L’objet de cette dernière sous-partie est de montrer que les deux principaux syndicats tunisiens en ce qui concerne le nombre d’adhérents, le SFDGUI et le SNFSI, parviennent à empêcher les réformes allant dans le sens de la transparence, du contrôle de l’activité policière. Afin de faire valoir leurs intérêts, les syndicats mobilisent un répertoire d’actions assez variées : manifestations, sit-in, publications de communiqués, interventions dans les médias, négociations plus ou moins musclées avec les parties gouvernementales, notamment en brandissant des menaces de publicisation de cas de corruption[25].

Si, dans d’autres contextes, l’exigence démocratique a conduit à la multiplication d’autorités administratives indépendantes chargées d’assurer des fonctions de contrôle de l’activité policière (Jobard, 2016 : 68), en Tunisie, la question de la réforme des institutions de contrôle a été introduite notamment à travers les discours sur la RSS[26]. Il existait, avant 2011, une inspection suprême, rattachée à la présidence de la République, compétente pour traiter les signalements concernant la police, la garde nationale, mais également la douane. Supprimée par le ministre Farhat Rajhi dès le départ de Ben Ali, elle n’a pas été renouvelée depuis. Le traitement des dossiers de sanctions professionnelles est désormais effectué par l’inspection générale interne à chaque corps, police et garde nationale.

L’élaboration d’un code de déontologie de la pratique policière suscite en particulier l’opposition du syndicat SNFSI. Le projet, porté par l’équipe chargée de la police de proximité au PNUD, s’inscrit dans la politique ministérielle de rapprochement entre policiers et citoyens. Il a été l’objet de diverses tables rondes entre associations de défense des droits de la personne, SFDGUI, représentants ministériels[27], et a été soumis à une consultation en ligne[28]. Le texte porte essentiellement sur le respect de la loi et des droits de la personne par les forces de l’ordre dans le cadre d’interpellations et de gardes à vue, sur la non-divulgation d’informations liées à leur exercice professionnel, ainsi que sur le respect de l’institution. Il prévoit la création d’une commission de déontologie compétente pour recevoir les plaintes des citoyens. Pour le SNFSI, un tel projet n’était pas concevable, en ce qu’il s’avérerait trop contraignant pour les policiers. Ce rejet s’inscrit dans une suspicion généralisée à l’égard d’un contrôle externe sur la profession policière, dont les syndicats s’improvisent bien souvent garants. Mohamed, officier de la garde nationale chargé des négociations au sein du SNFSI depuis sa création en 2011, évoque la manière dont il a pris connaissance du projet :

Je faisais des recherches par hasard, sur Internet et sur le site du JORT (Journal officiel de la République tunisienne), c’est comme ça aussi qu’on prépare les dossiers à défendre au ministère. Et, là, je tombe sur le projet de code de conduite des policiers, et c’était pas possible. Donc on a fait blocage, et il n’est pas passé.
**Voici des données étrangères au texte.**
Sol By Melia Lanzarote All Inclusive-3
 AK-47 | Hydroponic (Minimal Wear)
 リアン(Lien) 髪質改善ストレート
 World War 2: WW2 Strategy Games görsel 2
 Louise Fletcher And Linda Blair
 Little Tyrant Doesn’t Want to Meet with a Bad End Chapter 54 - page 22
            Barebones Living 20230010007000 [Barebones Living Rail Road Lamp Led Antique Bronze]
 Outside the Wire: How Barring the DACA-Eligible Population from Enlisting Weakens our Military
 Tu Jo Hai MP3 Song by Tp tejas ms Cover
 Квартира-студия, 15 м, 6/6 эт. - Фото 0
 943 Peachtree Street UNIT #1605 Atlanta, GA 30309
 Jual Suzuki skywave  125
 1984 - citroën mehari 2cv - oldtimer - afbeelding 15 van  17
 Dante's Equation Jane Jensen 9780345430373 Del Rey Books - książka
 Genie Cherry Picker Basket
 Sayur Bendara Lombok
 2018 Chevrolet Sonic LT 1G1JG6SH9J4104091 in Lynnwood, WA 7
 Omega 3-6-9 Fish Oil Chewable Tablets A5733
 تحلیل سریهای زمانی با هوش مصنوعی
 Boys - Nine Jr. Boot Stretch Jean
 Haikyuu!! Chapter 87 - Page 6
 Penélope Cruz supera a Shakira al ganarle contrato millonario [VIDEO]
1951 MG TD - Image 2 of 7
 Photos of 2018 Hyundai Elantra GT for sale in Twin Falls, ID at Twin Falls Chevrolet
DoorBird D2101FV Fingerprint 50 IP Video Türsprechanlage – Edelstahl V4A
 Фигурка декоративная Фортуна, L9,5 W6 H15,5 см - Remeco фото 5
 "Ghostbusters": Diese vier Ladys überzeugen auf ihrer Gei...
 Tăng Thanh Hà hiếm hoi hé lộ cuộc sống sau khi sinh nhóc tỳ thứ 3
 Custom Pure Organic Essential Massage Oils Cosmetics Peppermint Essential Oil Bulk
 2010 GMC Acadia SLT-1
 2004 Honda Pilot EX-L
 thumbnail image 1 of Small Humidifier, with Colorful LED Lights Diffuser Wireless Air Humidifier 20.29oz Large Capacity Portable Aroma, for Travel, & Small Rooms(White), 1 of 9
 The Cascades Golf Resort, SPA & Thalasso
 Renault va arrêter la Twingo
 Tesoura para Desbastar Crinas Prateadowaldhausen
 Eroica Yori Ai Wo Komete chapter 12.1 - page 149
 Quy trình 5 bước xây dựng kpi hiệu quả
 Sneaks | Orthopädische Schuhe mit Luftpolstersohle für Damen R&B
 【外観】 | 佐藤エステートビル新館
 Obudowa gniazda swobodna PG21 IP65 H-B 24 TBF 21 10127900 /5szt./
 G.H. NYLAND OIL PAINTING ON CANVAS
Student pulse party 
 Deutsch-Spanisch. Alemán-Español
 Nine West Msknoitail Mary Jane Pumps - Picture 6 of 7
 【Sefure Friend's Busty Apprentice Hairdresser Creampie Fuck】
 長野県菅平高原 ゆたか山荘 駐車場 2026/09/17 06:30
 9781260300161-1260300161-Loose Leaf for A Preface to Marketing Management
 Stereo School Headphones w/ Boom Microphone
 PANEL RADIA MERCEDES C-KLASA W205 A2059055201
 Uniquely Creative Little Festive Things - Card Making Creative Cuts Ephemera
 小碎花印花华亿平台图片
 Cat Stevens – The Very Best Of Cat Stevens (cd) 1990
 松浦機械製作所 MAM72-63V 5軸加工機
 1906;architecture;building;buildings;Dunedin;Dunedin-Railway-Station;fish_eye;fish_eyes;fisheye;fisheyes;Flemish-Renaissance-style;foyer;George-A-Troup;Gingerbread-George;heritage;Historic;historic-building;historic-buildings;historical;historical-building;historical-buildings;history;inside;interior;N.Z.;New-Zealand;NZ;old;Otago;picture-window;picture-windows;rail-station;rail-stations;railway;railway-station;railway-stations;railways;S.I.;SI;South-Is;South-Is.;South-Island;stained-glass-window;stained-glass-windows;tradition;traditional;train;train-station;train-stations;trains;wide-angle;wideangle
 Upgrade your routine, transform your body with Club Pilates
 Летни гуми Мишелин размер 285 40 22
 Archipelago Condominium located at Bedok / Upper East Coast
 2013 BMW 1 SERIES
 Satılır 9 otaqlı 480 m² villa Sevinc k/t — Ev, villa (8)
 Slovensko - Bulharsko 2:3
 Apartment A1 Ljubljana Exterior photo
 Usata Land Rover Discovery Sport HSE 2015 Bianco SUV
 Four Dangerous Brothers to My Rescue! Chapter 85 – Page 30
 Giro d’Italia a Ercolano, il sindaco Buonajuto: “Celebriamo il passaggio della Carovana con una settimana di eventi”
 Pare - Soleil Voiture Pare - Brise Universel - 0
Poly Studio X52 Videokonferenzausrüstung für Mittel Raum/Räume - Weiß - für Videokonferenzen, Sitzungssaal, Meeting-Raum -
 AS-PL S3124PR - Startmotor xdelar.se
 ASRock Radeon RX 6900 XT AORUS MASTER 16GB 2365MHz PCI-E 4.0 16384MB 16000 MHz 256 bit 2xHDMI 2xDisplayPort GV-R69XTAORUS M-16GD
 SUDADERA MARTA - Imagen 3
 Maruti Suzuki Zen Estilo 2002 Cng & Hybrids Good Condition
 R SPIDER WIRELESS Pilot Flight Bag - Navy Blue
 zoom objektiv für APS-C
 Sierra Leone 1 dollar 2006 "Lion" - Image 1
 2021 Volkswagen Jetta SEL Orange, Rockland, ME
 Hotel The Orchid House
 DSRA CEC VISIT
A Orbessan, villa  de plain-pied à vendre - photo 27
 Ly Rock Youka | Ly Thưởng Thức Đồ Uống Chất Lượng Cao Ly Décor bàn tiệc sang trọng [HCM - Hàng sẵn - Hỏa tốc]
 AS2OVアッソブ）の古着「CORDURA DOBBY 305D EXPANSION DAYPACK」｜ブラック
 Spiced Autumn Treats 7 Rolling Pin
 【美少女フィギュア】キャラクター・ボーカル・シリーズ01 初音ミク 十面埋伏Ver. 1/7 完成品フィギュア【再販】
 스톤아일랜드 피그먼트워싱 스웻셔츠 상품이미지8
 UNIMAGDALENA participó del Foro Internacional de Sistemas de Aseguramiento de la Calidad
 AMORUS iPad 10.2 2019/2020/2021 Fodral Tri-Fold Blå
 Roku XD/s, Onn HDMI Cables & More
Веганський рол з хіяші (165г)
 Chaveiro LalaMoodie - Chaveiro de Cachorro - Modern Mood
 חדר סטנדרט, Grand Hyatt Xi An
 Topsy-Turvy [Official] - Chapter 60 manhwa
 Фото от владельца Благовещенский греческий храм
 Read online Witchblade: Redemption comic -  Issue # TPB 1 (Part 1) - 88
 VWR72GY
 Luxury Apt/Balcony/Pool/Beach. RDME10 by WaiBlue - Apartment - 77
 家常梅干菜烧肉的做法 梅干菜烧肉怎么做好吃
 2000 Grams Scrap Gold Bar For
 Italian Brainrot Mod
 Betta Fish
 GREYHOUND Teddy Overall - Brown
En effet, le projet est « bloqué » depuis 2016. Les moyens de pression dont dispose le syndicat en font un acteur particulièrement redouté par le ministère. Sa capacité de mobilisation importante lui octroie un poids considérable dans les négociations : en Tunisie comme ailleurs, les revendications policières, articulées à une menace de vacance de la force publique, conduisent le pouvoir politique à être particulièrement soucieux de ménager la colère policière (Jobard, 2016). « Les directeurs généraux ont tous peur du "dégage", ça fait que les syndicats sont devenus puissants. En même temps, les syndicats ont aussi peur des directeurs généraux qui peuvent les traîner devant le tribunal militaire », me déclarait un ancien secrétaire général du SNFSI. Le « dégage » désigne un répertoire d’actions mobilisées par les syndicalistes, emprunté aux mouvements sociaux qu’a connus la Tunisie en 2011, au cours desquels les manifestants appelaient Ben Ali à « dégager ». Depuis 2011, les membres du SNFSI ont ainsi mobilisé sit-in, manifestations dans et devant les casernes afin d’exprimer leur mécontentement à l’égard de la politique menée, et de revendiquer des droits sociaux. Ils parviennent par exemple à obtenir, en septembre 2011, le limogeage du directeur de la garde nationale, le commandant de l’armée Moncef Helali, en allant le chercher directement dans son bureau, et en mobilisant pour ce faire d’autres cadres de la garde nationale[29].

Les positions de directeurs généraux au sein du ministère de l’Intérieur sont particulièrement instables, dépendantes de l’équilibre politique entre les principaux partis (de 2011 à 2014, les trois partis de la troïka, puis Ennahdha et Nidaa Tounes plus récemment). Procédant par décret sur proposition du ministre de l’Intérieur, chaque nouvelle nomination au sein du ministère[30] engendre une vague de départs dans le corps des directeurs généraux. Dans un contexte où la sécurité est érigée en priorité dans les discours politiques et utilisée à des fins de légitimation politique, les postes de hauts fonctionnaires sécuritaires évoluent au gré des controverses, alimentées entre autres par certains syndicats policiers. Cette « fragilité » de la position de directeur général joue en faveur des syndicats policiers lors des négociations avec les parties gouvernementales.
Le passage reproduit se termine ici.